As Pard watched her, the goddess lifted her head and opened her eyes. A line about "a gaze blank and pitiless as the sun" went through his mind. She sensed his scrutiny. Her psi abilities made her aware of his presence, tenuous as it was.
She threw a thought at him. It was garbled, colored with rage, couched in madness, but the context could be approximated as:
You again! I thought I had destroyed you!
Enjoying her impotent anger, Pard wished he had the power to send a laugh pealing through the chamber to further arouse her paranoia. As it was, he'd have to be content with observing her thrashing movements as she tried to pinpoint his location.
Pard's awareness began to expand gradually and he soon found himself around as well as within the temple. He tried to focus down again but was unable to do so. He continued to expand at an accelerated rate. He was encircling the planet now.
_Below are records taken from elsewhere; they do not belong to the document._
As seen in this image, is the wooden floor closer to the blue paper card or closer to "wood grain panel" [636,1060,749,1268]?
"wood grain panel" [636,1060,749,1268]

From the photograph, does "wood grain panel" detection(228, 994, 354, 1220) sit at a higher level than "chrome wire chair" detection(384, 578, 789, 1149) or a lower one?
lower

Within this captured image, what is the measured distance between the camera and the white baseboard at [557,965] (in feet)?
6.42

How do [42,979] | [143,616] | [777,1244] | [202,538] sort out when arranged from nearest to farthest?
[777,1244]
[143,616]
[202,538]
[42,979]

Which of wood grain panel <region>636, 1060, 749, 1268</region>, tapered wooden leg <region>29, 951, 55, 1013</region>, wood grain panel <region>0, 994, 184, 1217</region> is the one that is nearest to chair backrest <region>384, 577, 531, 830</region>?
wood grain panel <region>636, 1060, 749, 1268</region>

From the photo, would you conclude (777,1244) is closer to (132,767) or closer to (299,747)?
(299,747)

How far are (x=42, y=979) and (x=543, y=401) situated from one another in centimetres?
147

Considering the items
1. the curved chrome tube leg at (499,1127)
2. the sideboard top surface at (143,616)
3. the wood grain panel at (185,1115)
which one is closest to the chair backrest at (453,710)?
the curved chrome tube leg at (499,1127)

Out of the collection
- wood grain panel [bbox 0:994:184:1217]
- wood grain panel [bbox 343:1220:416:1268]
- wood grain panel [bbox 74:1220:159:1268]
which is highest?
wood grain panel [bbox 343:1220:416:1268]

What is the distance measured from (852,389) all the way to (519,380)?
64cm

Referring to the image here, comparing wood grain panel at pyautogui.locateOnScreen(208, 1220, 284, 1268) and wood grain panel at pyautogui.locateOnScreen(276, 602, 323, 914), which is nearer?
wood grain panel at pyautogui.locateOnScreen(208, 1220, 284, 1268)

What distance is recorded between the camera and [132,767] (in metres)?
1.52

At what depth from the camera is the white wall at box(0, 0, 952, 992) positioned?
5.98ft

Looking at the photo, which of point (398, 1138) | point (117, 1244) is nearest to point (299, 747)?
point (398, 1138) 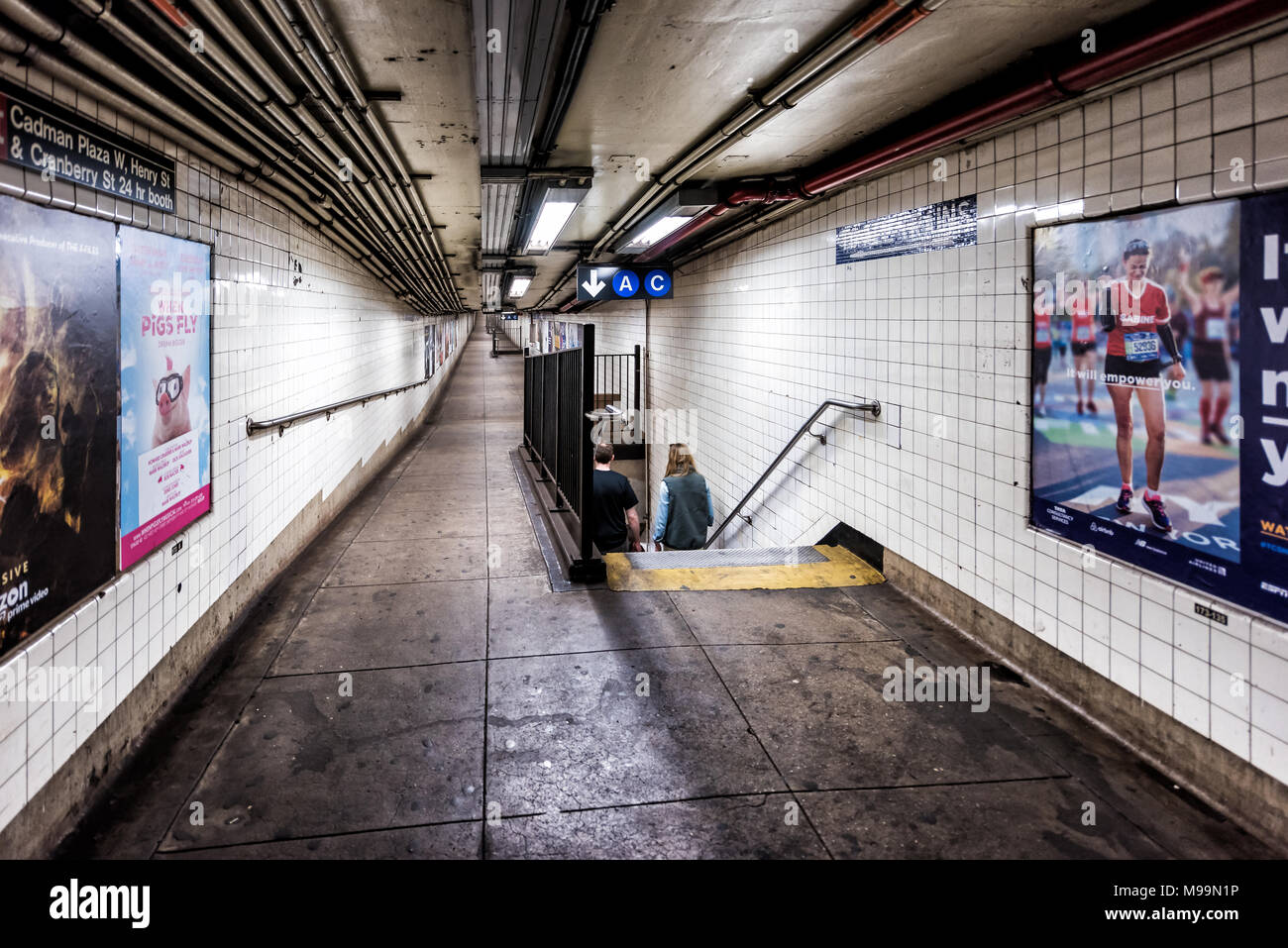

For the first time since he had awakened to sentience in Dalt's brain, Pard knew fear. He was out of control. Soon his consciousness would be expanded and attenuated to the near-infinite limits he had experienced immediately after being jolted from Steve's body— permanently. And he knew that would be the end of him. His mind would never be able to adjust to it; his intelligence would crumble. He'd end up a nonsentient life force drifting through eternity. It had long been theorized that consciousness could not exist without a material base. He had proven that it could—but not for long. He had to set up another base. He tried desperately to enter the mind of one of the goddess's subjects but found it closed to him. The same with the lower lifeforms.
All minds were closed to him ... except perhaps one. ... He headed for home.